翌日はオンタリオ随一のマウンテンリゾートであるブルーマウンテンズに滞在し、さらに西へドライブ。ブルース・ペニンシュラ国立公園内にある湖沿いのトレイルを歩きに行くことにした。

ホリーさんが話してくれたカナダ国旗の話を聞いてから、フラッグを見るといつも彼女のことを思い出すようになってしまった。

季節は初夏。トレイルには野花が咲き乱れ、ホリーさんは何度も立ち止まって花の説明をしてくれる。途中、立派なメープルの木を見つけたとき、なぜメープルの葉がカナダの国旗のモチーフに選ばれたのかという話をしてくれた。

「開拓時代、先住民の教えにより、人々はこの樹液から作るメープルシロップを食べて冬の飢えをしのぎました。そこから厳しい自然の中での暮らしを象徴するものとして選ばれたとか諸説あるんですけど、私の意見は少し違っていて。シュガーメープルはとても強い木で、どんな森にも根付きやすい。実際、これまで見てきた各地の森にはすごくたくさんシュガーメープルがあったでしょう? カナダは世界でも有数の多民族国家。どんな民族でもこの土地に力強く根付けるように、そして力強いメープルの木が移民たちの心の支えになるように、そんな願いが込められているんじゃないかって思うの」

自然を愛し、その中で生きてきた彼女らしい考え方。こんなふうに身の回りのことを自分なりの考えで、言葉で、語れる人になれたらと思う。

「オンタリオの地中海」と呼ばれているブルース・ペニンシュラ国立公園の巨大な湖。これまで見たことのない蒼だった。

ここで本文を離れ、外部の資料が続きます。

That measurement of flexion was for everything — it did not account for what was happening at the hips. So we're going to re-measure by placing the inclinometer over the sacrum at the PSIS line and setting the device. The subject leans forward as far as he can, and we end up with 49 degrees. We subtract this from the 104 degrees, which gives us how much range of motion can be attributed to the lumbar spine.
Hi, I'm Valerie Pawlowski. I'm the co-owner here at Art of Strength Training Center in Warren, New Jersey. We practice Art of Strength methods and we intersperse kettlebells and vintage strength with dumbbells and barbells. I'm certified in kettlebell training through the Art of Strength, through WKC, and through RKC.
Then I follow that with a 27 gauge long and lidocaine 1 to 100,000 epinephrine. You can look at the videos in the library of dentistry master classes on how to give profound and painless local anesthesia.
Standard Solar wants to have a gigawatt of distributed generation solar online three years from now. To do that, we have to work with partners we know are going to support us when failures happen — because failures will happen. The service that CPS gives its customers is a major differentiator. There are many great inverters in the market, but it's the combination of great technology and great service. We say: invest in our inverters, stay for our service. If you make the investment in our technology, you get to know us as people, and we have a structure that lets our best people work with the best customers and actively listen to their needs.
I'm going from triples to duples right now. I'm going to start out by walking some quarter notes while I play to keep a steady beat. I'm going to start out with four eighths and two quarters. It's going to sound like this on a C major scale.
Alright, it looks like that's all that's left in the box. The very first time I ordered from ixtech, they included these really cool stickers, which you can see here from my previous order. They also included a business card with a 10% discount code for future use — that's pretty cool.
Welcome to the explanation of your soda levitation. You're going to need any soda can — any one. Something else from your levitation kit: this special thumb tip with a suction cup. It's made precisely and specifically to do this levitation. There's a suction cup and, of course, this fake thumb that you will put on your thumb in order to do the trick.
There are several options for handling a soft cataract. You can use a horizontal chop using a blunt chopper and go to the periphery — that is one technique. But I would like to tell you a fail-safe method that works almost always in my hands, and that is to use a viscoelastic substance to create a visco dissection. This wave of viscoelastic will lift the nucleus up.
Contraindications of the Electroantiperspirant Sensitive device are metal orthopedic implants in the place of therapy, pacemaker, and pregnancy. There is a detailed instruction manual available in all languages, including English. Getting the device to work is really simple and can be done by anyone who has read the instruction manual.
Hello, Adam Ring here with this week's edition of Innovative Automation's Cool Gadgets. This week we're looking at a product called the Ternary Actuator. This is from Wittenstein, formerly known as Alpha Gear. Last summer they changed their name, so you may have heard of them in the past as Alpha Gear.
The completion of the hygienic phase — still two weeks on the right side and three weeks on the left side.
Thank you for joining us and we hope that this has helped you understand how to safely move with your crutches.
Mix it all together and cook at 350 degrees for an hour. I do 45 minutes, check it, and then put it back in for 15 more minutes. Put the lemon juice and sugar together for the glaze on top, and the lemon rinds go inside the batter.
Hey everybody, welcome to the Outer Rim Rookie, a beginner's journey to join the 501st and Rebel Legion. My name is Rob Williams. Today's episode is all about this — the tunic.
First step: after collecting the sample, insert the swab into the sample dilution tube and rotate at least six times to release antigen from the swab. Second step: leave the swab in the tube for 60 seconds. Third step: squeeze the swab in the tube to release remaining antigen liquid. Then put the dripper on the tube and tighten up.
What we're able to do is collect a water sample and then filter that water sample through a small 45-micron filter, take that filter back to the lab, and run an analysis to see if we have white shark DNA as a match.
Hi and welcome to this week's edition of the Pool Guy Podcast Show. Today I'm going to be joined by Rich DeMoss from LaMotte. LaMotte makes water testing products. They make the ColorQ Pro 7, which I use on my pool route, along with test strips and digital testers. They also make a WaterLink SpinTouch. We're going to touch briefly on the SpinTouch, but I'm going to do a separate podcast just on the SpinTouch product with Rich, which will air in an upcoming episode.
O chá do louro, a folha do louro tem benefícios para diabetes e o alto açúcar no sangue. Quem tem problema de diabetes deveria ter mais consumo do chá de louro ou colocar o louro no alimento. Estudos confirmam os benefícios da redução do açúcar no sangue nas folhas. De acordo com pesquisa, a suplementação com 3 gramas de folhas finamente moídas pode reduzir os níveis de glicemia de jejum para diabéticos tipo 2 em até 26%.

しばらく森を歩くと、前を行くうららさんの歓声が届いた。「早く、早く!」と促されて坂を登ると、翡翠とターコイズがグラデーションになったような海が広がっていた。どんどんと先を歩き、波打ち際で波に触れようとするうららさん。予想外の大波に半身ずぶ濡れになってしまったけれど、やめようとしない。最後には靴も靴下も脱ぎ捨てて、少女のように波と遊んでいた。

撮影しているとカモメがやってきて、様子をずっと観察していた。

「私、福島の海に近い街の生まれ育ちだからかな、水を見るとやっぱり落ち着くんです。素に戻れるような感じっていうか、なんだか大人気なくてスミマセン(笑)」

この旅いちばんの笑顔だった。ああ、誰の中にも特別な自然というのがあるのだな。それは国や場所が違っても、きっかけさえあればきちんと心に戻ってくる。そして新しく出会った自然がまた、自分だけのものとして蓄積されていく。今度はこちらがうららさんに教わる番だった。

ブルース半島の突端にある港町・トバモリーではフィッシュアンドチップスを。